- Location: Franklin Township, Luzerne County, Pennsylvania
- Coordinates: 41°23′26″N 75°55′31″W﻿ / ﻿41.3906°N 75.9252°W
- Primary outflows: unnamed tributary to Sutton Creek
- Built: in or before 1938
- Surface area: 9 acres (3.6 ha)
- Surface elevation: 1,220 feet (370 m)

= Lake Manjo =

Lake in Pennsylvania, United States

Lake Manjo (also known as Manjo Lake) is a manmade lake in Luzerne County, Pennsylvania, in the United States. It has a surface area of approximately 9 acre and is situated in Franklin Township. The surficial geology near the lake consists of bedrock and Wisconsinan Till. The lake is not accessible to the public. However, a camp known as Camp Orchard Hill is located near the lake.

==Geography and geology==
The main outflow of Lake Manjo as an unnamed stream that joins Sutton Creek at Lake Louise. The elevation near the lake is 1220 ft above sea level.

Lake Manjo is a small artificial pond. There is a road in the vicinity of the lake, but it is a posted, private road. There is no public access to the lake.

Lake Manjo is entirely within the United States Geological Survey quadrangle of Center Moreland. It is also located near the community of Center Moreland.

The surficial geology immediately to the north of Lake Manjo mainly features bedrock consisting of sandstone and shale. To the south and west, however, the surficial geology consists of a till known as Wisconsinan Till. A small patch of Wisconsinan Ice-Contact Stratified Drift also occurs a short distance to the west of the lake.

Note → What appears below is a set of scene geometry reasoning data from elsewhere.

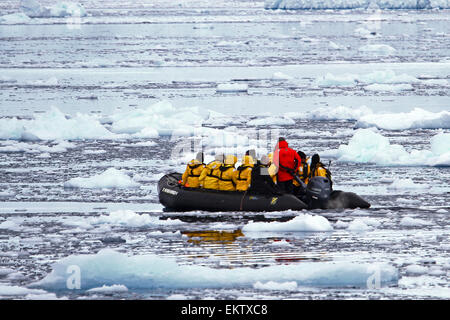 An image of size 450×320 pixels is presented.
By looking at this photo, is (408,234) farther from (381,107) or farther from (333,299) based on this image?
(381,107)

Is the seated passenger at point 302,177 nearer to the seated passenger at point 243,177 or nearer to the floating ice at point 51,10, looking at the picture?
the seated passenger at point 243,177

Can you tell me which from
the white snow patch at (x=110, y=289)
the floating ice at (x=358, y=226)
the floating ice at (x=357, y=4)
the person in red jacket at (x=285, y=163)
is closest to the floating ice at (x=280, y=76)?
the person in red jacket at (x=285, y=163)

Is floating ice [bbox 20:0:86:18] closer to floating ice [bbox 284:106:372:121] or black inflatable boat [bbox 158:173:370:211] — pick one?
floating ice [bbox 284:106:372:121]

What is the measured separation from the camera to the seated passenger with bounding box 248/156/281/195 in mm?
12430

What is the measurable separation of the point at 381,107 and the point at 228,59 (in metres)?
15.1

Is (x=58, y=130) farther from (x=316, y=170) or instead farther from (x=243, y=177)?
(x=316, y=170)

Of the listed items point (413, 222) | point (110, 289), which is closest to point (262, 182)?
point (413, 222)

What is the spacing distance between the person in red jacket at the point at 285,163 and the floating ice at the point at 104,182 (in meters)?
2.80

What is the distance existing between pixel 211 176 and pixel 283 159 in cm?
106

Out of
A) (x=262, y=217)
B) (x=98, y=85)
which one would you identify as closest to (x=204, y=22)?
(x=98, y=85)

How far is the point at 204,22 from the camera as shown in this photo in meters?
65.4

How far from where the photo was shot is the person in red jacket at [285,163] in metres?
12.8

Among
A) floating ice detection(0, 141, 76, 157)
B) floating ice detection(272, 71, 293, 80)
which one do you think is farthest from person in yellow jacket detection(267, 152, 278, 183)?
floating ice detection(272, 71, 293, 80)

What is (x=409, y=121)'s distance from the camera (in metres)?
20.6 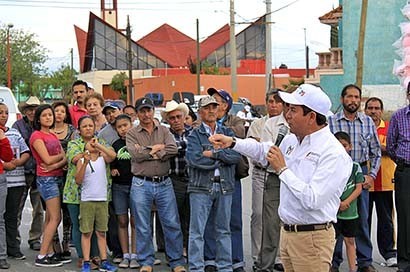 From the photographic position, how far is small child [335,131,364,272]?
7.61 metres

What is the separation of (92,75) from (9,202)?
215 ft

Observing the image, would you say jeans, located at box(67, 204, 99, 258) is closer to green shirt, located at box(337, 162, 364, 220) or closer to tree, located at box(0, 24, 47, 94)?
green shirt, located at box(337, 162, 364, 220)

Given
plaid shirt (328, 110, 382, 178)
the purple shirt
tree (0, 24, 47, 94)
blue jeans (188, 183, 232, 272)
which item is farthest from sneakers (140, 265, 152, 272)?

==History and recreation==
Lake Manjo was entered into the Geographic Names Information System on August 2, 1979. Its identifier in the Geographic Names Information System is 1199105. The lake was also historically known as Manjo Lake. It has existed since at least 1938.

There are at least two docks on Lake Manjo, one of which is 15 ft long. The docks were built by 2010 by Eagle Scout David Novak and weigh more than 1000 lb apiece. The docks were intended to be multi-use.

A camp known as Camp Orchard Hill is located at Lake Manjo. In 2013, an Eagle Scout made improvements to the lake's waterfront area. These included constructing four benches, building ten mooring stations for boats, and improving the lake's docks.